The draft structure of the given paper is systemized as takes after. Section 2 surveys the associated work regarding the proposed work. In Sect. 3, exhibited a short depiction of the proposed approach, Sect. 4 analyses the investigational outcome and Sect. 5 the paper is concluded.

2 Literature Survey

Palumbo et al. [14] posited a structure in which data flow specifications was embraced as a beginning position for characteristic power minimization in coarse-grained reconfigurable embedded systems. The suggested stream was formed of two resulting phase: (1) the categorization of the ideal topological framework specification(s) (2) the finding of disjointed logic regions. The last was then employed to execute clock along with power gating methods. The suggested approach expanded a dataflow-centered design framework aimed at coarse-grained reconfigurable designs, the Multi-Dataflow Composer tool, designed inside MPEG-RVC research studies. The significance of the suggested MDC tool’s power-aware extension was for the most part identified with the way that, inside the MPEG-RVC structure, power utilization was as yet an open problem and also power assessment or else management approaches were right now under inspection. The solution joined structural along with dynamic procedures implemented systematically at the modeling level. Focusing on an ASIC 90 nm technology along with a 45 nm one, Results were evaluated. The model-centered approach’s validity had been demonstrated above the reconfigurable calculating center of a multifunctional coprocessor Aimed at image processing applications. Still, the optimization process is time-consuming and power consumption stands high.

Tu et al. [15] planned a Deep Convolutional Neural Networks (DCNN) acceleration architecture, with reconfigurable calculation patterns intended for various models, termed Deep Neural Architecture (DNA). The model included a data reutilize pattern together with a convolution mapping technique. Aimed at huge with diverse layer sizes, to aid a hybrid data reutilize pattern, DNA set up again it’s data path that decreased aggregate energy utilization by 5.9–8.4 times above traditional method. Considering different convolution parameters, DNA set up again the calculating resources to help a profoundly scalable convolution mapping strategy, which acquired computing resource employment of 93% on contemporary DCNNs. At last, a layer-centered scheduling system was presented to adjust DNA’s power effectiveness and also the performance for various DCNN. DNA was actualized in the area of 16 mm² at 65 nm. It accomplished 194.4 GOPS at 200 MHz and expended just 479 mW on the standard. The framework level power productivity was 152.9 GOPS/W, which beat the best in class designs by means of 1–2 orders. Though it achieved high performance and also power efficiency, the design process was quite complex.

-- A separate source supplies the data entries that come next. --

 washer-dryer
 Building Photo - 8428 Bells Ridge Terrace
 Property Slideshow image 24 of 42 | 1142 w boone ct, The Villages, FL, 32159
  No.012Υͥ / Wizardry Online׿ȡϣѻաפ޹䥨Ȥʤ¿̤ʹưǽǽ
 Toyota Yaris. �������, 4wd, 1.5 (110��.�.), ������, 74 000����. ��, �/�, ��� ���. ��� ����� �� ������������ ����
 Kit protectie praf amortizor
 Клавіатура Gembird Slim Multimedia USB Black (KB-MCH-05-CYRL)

Yu et al. [16] displayed a multicenter embedded processor by means of reconfigurable same instruction multiple process (RSIMP) architecture intended to diminish the power expenditure of instruction memory (IM) therefore lessening the aggregate processor power. It was implemented to the situation that few centers implemented exceptionally matching instruction sequence simultaneously. Then they have reconfigured to a master–slave mode which merely the master center brought guidelines, and appropriated the orders to the slave center(s), whilst the slave centers’ IM were closed down to spare power. NoC was utilized to achieve the mode reconfiguration. Slow down generated by mutual resources dispute and also accelerator call in slaves was joined to master’s pipeline control. To adjudicate mutual memory access, State machines were composed. Outcomes of the Experiment demonstrated 13.8% and also 21.9% of the framework power diminishment with insignificant hardware overhead besides performance loss in 2Core and also 4Core configurations, individually, for the standards chose as of LTE MIMO framework, RS decoder, H.264/AVC codec along with AES encryption/decryption, contrasted with that of the baseline platform.

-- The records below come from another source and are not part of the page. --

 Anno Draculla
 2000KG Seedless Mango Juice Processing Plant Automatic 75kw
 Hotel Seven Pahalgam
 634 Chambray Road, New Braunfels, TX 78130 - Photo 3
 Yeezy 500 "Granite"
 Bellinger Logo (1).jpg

Liu et al. [17] introduced a system level simulator, termed subsequent to SimRPU, aimed at the RPU (reconfigurable processing unit), that was the main computing engine. The suggested simulator comprises of software compiler, simulation kernel, framework profiler giving performance, area beside power data aimed at the preferred architectures, besides a framework debugger supporting modification together with scrutinizing of the RPUs’ internal state. Object-oriented hierarchical accompanied by parameterized architecture modeling strategies were presented to serve the necessities for a quick and extensive assessment. To augment the profiled performance data’s accuracy, Cycle-precise simulation mechanisms were produced. Contrasted with the normal register transfer level centered simulation scheme, the suggested simulator attained an average speed of 18.5× with just 3.5% diminishment on performance evaluation accuracy. A reconfigurable processor focused on high-definition multimedia decoding applications was applied with Taiwan Semiconductor Manufacturing Company 65-nm process utilizing the recommended exploration and also design flow. Calculated outcomes established that the applied architecture had clear favorable circumstances regarding performance and also power utilization than the reference plans in multimedia decoding applications. Still, SimRPU needs longer simulation time than traditional schemes.

Amin et al. [18] posited a method to handle managing resources in an extensive heterogeneous wireless network which upheld reconfigurable devices. The framework exemplified internetworking ideas requiring autonomous wireless networks to coordinate so as to give a united network to clients. They posited a multi-attribute scheduling algorithm executed via a central global resource controller (GRC) which handled the resources of handful distinctive self-sufficient wireless systems. The traits deliberated by means of the multi-attribute optimization function comprise of framework spectral efficiency, battery lifespan of every client (otherwise general energy utilization), and immediate and also long-term fairness intended for every client in the framework. They utilized the analytical hierarchy process (AHP) to figure the relative import of every characteristic, which took interview responses as of wireless network suppliers as input, furthermore, created weight assignments aimed at every feature in the optimization issue. Through Matlab/CPLEX centered simulations, they demonstrated an expansion in a multi-attribute framework usefulness gauge of till 57% aimed at the algorithm contrasted with other broadly examined resource allotment algorithms comprises Max-Sum Rate, Proportional Fair, Max–Min Fair and also Min power.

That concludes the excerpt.